There results directly show that:

There is a clear diagonal on the heat map. This isn’t really surprising: that means that everytime an athlete misses a shot, his final ranking goes lower. This is our first result: missing shot are penalties. What a surprise!
There is also a very dark blue area in the first column, at the top of the diagram. This means that most of the time, doing a clear round leads to a very good ranking in the end.
But it is clearly possible to win a race while missing some shots! The first row is filled with dark blue in the first few columns.

Don’t miss a prone shot!

As you may know, there is two different types of shooting during a biathlon race: the prone shot, where the athletes are lying on the floor; this position helps them to stabilise their aim. The other type is the standing shot, which is much more difficult. Therefore, it might be interesting to deal with the two phases of shooting separately. Let’s start with the prone shot, as this is usually the first phase of shooting during a race.

We see the same pattern as the total of shots. The top of the first column is much darker than before: this is because of two things. First, it is usual that a lot of athletes don’t miss a shot during the prone shot phase. And that means that missing a prone shot is much more a sign of a bad shooting, which leads to a bad ranking at the end. This point is very important: we’re not evaluating results in a vacuum: and missing a shot usually means that the athlete is in a bad shape compared to the others, and therefore has a bad ranking. But this also means that missing a shot during the first phase raise the odds of missing shots during the other phases.

Let’s have a look at the heat map for the standing shots.

As expected (because the initial one is the combinaison of these two heatmap), we’ve a much more dispersed heat map.

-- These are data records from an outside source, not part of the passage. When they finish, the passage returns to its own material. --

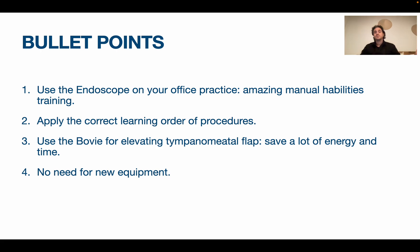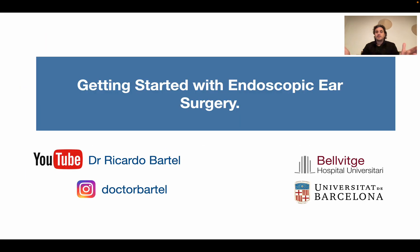To summarize the key points: first, use the endoscope in your daily clinical practice - in your office with all patients - and you'll be amazed how your manual abilities improve. When you return to the OR, your abilities will be boosted. Apply the correct learning order of procedures - don't start with cholesteatoma surgery, you'll be overwhelmed. Use the Bovie for elevating the tympanomeatal flap - it's a real game changer. And there's no need for new equipment. Thank you for watching.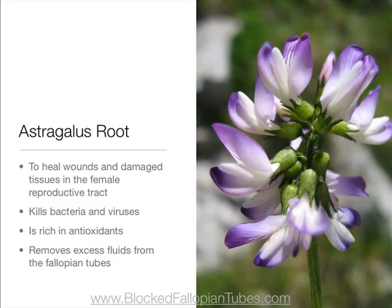Astragalus root to heal wounds and damaged tissues in the female reproductive tract. It also kills bacteria and viruses, is rich in antioxidants, and removes excess fluids from the fallopian tubes.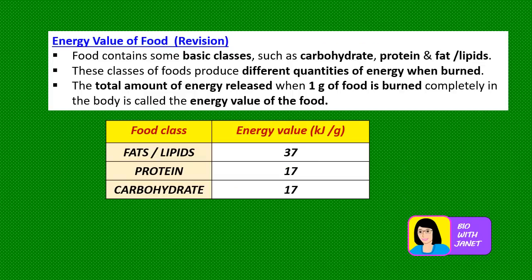Let's revise what you have learned in Form Two about the energy value of food. Food contains basic classes such as carbohydrate, protein, and fats or lipids. These food classes produce different quantities of energy when burned. For pure fats or lipids, the energy value is 37 kJ/g. For pure proteins it is 17 kJ/g, and carbohydrates are almost the same as proteins. So fats release the most energy — more than twice the energy compared to proteins and carbohydrates. A food sample with more fats will have a higher energy value.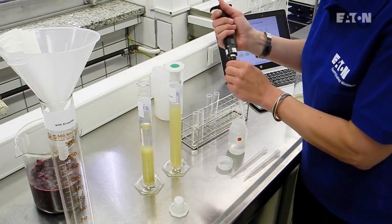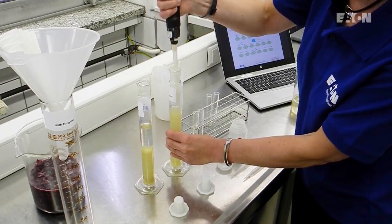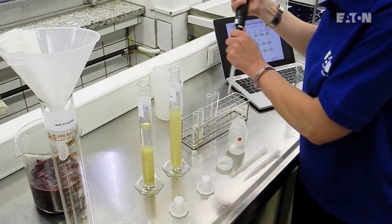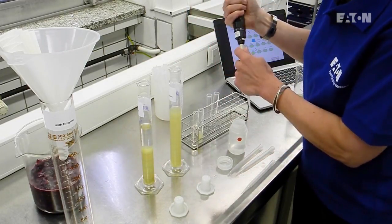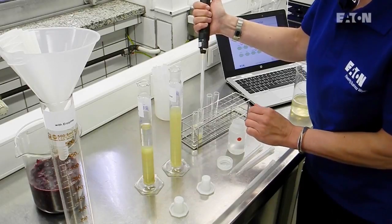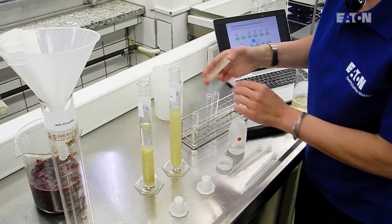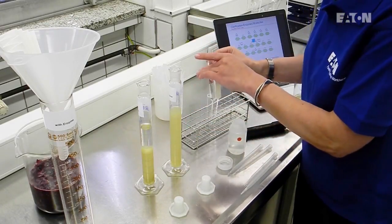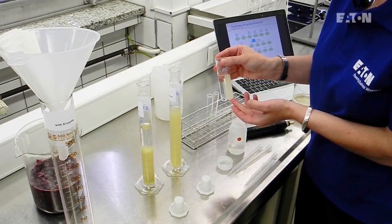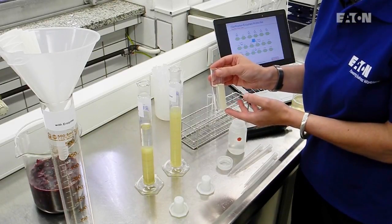We do the same with the unclarified juice, or the naturally clarified juice without any enzyme: 5 milliliters of juice and 5 milliliters of ethanol. We make a small mixing, and then the reaction can start. On the left side we have the sample with enzyme, and on the right-hand side we have the sample without any enzyme. It takes about two minutes, and then we have to wait for the reaction to work out.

Missing a standing shot is something that happens to pretty much everyone, even the best athletes.

Is the starting order relevant?

I add to the analysis a last factor: the starting order, which is linked to the expectation of results of the athlete (based on a global ranking, or on the results of another race). The heat map showing the correspondances bewteen the final ranking (still in rows) and the starting order (in columns) shows a clear diagonal line: the expectation seems relevant.

In order to do a much more indepth analysis, I’m going to perform a linear regression on these variables. I want to know if the final ranking is explained by the initial order, the number of prone shots missed and the number of standing shots missed. This linear regression will also help me to evaluate how big of an impact these three variables have on the final outcome. Let’s have a look at the results:

Call:
lm(formula = ranking ~ prone shots  + standing shots + starting order)

Residuals:
    Min      1Q  Median      3Q     Max 
-60.625  -8.483  -0.101   9.268  45.295 

Coefficients:
                  Estimate  Std. Error  t value   Pr(>|t|)    
(Intercept)       5.816571   0.212517   27.37

The three variables of the model are statistically significant, which means that they do have a relation with the final ranking. Understanding the coefficient for the Starting Order is kind of tough, but the two other coefficients are much more easier to analyse:

When you miss a prone shot, you lose about 5 places at the end of the race
When you miss a standing shot, you lose about 1 place at the end of the race

Obviously, these results are only valid on average. But this is kind of a fun way to comment biathlon shootings! “Oh, you just lost 10 places!”.